A machine that is programmed to package 6.60 pounds of cereal is being tested for its accuracy. In a sample of 100 cereal boxes, the sample mean filling weight is calculated as 6.65 pounds. The population standard deviation is known to be 0.09 pound. [You may find it useful to reference the z table.]

 

a-1. Identify the relevant parameter of interest for these quantitative data.

 

multiple choice 1

• The parameter of interest is the average filling weight of all cereal packages.
• The parameter of interest is the proportion filling weight of all cereal packages.

 

 

a-2. Compute its point estimate as well as the margin of error with 95% confidence. (Round intermediate calculations to at least 4 decimal places. Round "z" value to 3 decimal places and final answers to 2 decimal places.)

 

 

 

 

 

b-1. Calculate the 95% confidence interval. (Use rounded margin of error.

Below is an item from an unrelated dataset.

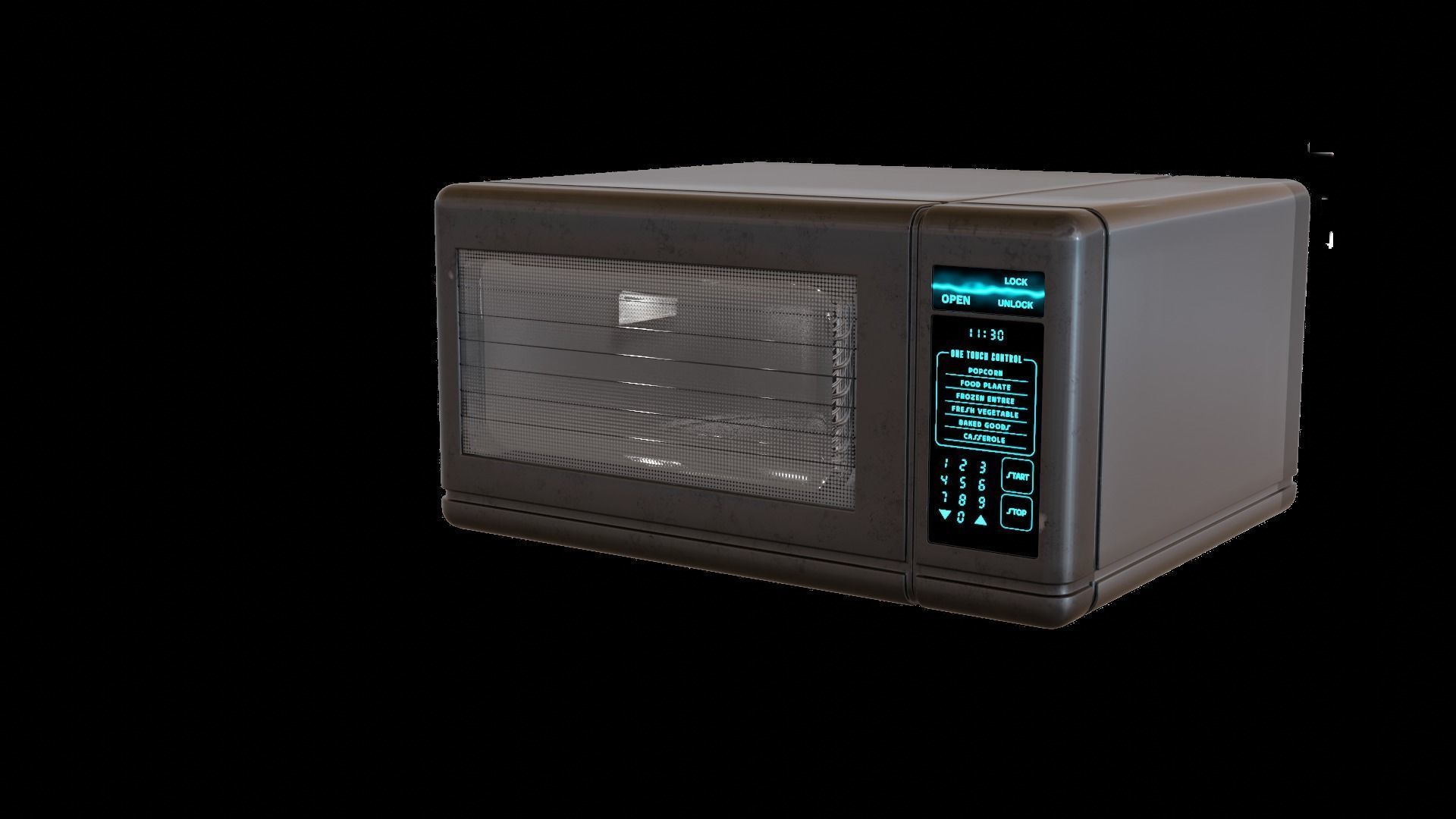 CYBERPUNK COLLECTION MICROWAVE OVEN Low-poly 3D model_4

Round your final answers to 2 decimal places.)

 

 

 

 

 

b-2. Can we conclude that the packaging machine is operating improperly?

 

multiple choice 2

• Yes, since the confidence interval does not contain the target filling weight of 6.60.
• No, since the confidence interval contains the target filling weight of 6.60.
• Yes, since the confidence interval contains the target filling weight of 6.60.
• No, since the confidence interval does not contain the target filling weight of 6.60.

 

 

c. How large a sample must we take if we want the margin of error to be at most 0.01 pound with 95% confidence? (Round intermediate calculations to at least 4 decimal places. Round "z" value to 3 decimal places and round up your final answer to the next whole number.)